CREATE CUSTOM INDEX [ IF NOT EXISTS ] [ index_name ]
  ON [ keyspace_name.]table_name (column_name)
     [ (keys(map_name)) ] 
     [ (values(map_name)) ] 
     [ (entries(map_name)) ]
  USING 'StorageAttachedIndex' 
  [ WITH OPTIONS = { option_map } ] ;
Table 1. Legend
Syntax conventions Description
UPPERCASE Literal keyword.
Lowercase Not literal.
Italics Variable value. Replace with a user-defined value.
[] Optional. Square brackets ( [] ) surround optional command arguments. Do not type the square brackets.
( ) Group. Parentheses ( ( ) ) identify a group to choose from. Do not type the parentheses.
| Or. A vertical bar ( | ) separates alternative elements. Type any one of the elements. Do not type the vertical bar.
... Repeatable. An ellipsis ( ... ) indicates that you can repeat the syntax element as often as required.
'Literal string' Single quotation ( ' ) marks must surround literal strings in CQL statements. Use single quotation marks to preserve upper case.
{ key : value } Map collection. Braces ( { } ) enclose map collections or key value pairs. A colon separates the key and the value.
<datatype1,datatype2> Set, list, map, or tuple. Angle brackets ( < > ) enclose data types in a set, list, map, or tuple. Separate the data types with a comma.
cql_statement; End CQL statement. A semicolon ( ; ) terminates all CQL statements.
[--] Separate the command line options from the command arguments with two hyphens ( -- ). This syntax is useful when arguments might be mistaken for command line options.
' <schema> ... </schema> ' Search CQL only: Single quotation marks ( ' ) surround an entire XML schema declaration.
@xml_entity='xml_entity_type' Search CQL only: Identify the entity and literal value to overwrite the XML element in the schema and solrConfig files.
index_name
Optional identifier for index. If no name is specified, the default is used, table_name_column_name_idx. Enclose in quotes to use special characters or to preserve capitalization.
column_name

The name of the table column on which the SAI index is being defined. SAI allows alphanumeric characters and underscores only. SAI returns InvalidRequestException if you try to define an index on a column name that contains other characters, and does not create the index.

map_name
Used with collections, identifier of the map_name specified in CREATE TABLE ... map(map_name). See SAI collection map examples with keys, values, and entries.
Tip: Different syntax applies for collections of type list and set, which are also supported with SAI indexes. In this topic, see SAI collection examples with list and set types.
option_map

Define options in JSON simple format.

Option Description
case_sensitive Ignore case in matching string values.

Default: true.

normalize When set to true, perform Unicode normalization on indexed strings.

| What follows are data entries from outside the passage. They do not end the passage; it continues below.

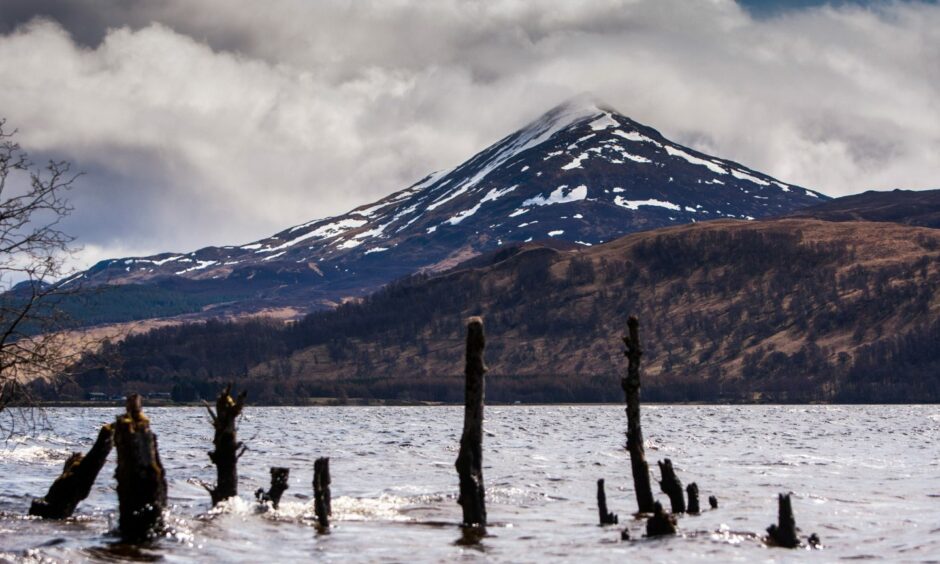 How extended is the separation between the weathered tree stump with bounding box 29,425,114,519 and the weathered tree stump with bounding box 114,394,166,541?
458 cm

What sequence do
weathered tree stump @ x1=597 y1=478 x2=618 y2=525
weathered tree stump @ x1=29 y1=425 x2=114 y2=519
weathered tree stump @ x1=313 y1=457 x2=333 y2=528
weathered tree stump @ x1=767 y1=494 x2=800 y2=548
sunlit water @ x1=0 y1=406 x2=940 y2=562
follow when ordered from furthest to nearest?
weathered tree stump @ x1=597 y1=478 x2=618 y2=525
weathered tree stump @ x1=29 y1=425 x2=114 y2=519
weathered tree stump @ x1=313 y1=457 x2=333 y2=528
weathered tree stump @ x1=767 y1=494 x2=800 y2=548
sunlit water @ x1=0 y1=406 x2=940 y2=562

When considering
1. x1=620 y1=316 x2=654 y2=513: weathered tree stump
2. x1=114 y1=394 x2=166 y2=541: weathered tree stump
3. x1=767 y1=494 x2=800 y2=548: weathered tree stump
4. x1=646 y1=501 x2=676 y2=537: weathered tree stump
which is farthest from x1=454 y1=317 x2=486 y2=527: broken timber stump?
x1=114 y1=394 x2=166 y2=541: weathered tree stump

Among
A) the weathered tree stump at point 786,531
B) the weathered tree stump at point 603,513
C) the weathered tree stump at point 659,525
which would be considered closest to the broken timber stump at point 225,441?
the weathered tree stump at point 603,513

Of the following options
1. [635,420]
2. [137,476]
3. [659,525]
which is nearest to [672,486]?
[635,420]

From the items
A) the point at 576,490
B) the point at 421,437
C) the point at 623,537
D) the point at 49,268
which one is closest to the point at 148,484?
the point at 49,268

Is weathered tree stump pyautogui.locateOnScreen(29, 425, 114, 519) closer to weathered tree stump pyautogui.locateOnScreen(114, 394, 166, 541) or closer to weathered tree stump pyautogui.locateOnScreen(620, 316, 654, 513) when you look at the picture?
weathered tree stump pyautogui.locateOnScreen(114, 394, 166, 541)

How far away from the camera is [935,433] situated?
115875 mm

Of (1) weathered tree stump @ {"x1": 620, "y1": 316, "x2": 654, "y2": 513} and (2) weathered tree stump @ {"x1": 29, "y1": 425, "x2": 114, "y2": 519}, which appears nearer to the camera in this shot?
(2) weathered tree stump @ {"x1": 29, "y1": 425, "x2": 114, "y2": 519}

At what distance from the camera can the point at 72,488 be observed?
33.4 meters

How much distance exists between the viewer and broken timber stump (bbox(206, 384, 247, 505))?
3250cm

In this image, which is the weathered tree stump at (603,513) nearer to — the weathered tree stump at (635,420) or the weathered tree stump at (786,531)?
the weathered tree stump at (635,420)

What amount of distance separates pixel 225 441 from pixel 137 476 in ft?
19.6

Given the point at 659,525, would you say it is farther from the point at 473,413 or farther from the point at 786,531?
the point at 473,413

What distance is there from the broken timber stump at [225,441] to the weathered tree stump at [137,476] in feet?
11.2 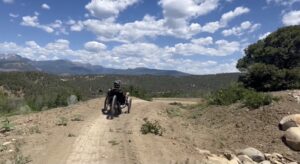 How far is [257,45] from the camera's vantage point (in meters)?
48.9

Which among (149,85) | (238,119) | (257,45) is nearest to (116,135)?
(238,119)

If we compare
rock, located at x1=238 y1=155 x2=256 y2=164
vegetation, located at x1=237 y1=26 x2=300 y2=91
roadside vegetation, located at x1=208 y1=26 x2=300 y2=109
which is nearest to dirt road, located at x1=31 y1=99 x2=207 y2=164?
rock, located at x1=238 y1=155 x2=256 y2=164

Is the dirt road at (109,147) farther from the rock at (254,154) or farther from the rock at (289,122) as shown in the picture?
the rock at (289,122)

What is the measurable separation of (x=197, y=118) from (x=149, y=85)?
111 meters

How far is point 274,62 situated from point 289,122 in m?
31.4

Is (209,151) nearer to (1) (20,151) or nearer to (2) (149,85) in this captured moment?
(1) (20,151)

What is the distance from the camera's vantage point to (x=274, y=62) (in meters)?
45.3

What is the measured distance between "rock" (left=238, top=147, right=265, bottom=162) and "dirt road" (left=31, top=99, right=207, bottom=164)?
5.69ft

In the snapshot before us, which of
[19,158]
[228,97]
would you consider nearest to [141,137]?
[19,158]

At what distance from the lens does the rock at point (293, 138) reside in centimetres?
1403

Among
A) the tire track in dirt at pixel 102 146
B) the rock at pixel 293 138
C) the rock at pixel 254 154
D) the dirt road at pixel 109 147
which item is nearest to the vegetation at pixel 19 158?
the dirt road at pixel 109 147

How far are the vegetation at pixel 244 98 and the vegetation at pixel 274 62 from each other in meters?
12.8

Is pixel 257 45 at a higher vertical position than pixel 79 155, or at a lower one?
higher

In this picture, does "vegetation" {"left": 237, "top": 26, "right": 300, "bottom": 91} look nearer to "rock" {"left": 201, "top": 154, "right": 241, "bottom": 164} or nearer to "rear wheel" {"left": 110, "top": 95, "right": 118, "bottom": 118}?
"rear wheel" {"left": 110, "top": 95, "right": 118, "bottom": 118}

SAI supports Normalization Form C (NFC) Unicode. When set to true, SAI normalizes the different versions of a given Unicode character to a single version, retaining all the marks and symbols in the index. For example, SAI would change the character Å (U+212B) to Å (U+00C5).

When implementations keep strings in a normalized form, equivalent strings have a unique binary representation. See Unicode Standard Annex #15, Unicode Normalization Forms.

Default: false.

ascii When set to true, SAI converts alphabetic, numeric, and symbolic characters that are not in the Basic Latin Unicode block (the first 127 ASCII characters) to the ASCII equivalent, if one exists. For example, this option changes à to a.

Default: false.

About query operators

Tip: SAI supports the following query operators for tables with SAI indexes:
  • Numerics: =, <, >, <=, >=, AND
  • Strings: =, CONTAINS, CONTAINS key, CONTAINS VALUES, AND

Not supported: LIKE, IN, OR

About collections

Tip: SAI supports collections of type map, list, and set. See the examples in this topic:

Examples

These examples define SAI indexes for the cycling.cyclist_semi_pro table, which is demonstrated in the SAI quick start.
CREATE CUSTOM INDEX lastname_sai_idx ON cycling.cyclist_semi_pro (lastname) 
USING 'StorageAttachedIndex' 
WITH OPTIONS = {'case_sensitive': 'false', 'normalize': 'true', 'ascii': 'true'}; 

CREATE CUSTOM INDEX age_sai_idx ON cycling.cyclist_semi_pro (age) 
USING 'StorageAttachedIndex';

CREATE CUSTOM INDEX country_sai_idx ON cycling.cyclist_semi_pro (country) 
USING 'StorageAttachedIndex'
WITH OPTIONS = {'case_sensitive': 'false', 'normalize': 'true', 'ascii': 'true'}; 

CREATE CUSTOM INDEX registration_sai_idx ON cycling.cyclist_semi_pro (registration) 
USING 'StorageAttachedIndex'; 

For sample queries that find data in cycling.cyclist_semi_pro via these sample SAI indexes, see Submit CQL queries. Also refer to Examine SAI column index and query rules.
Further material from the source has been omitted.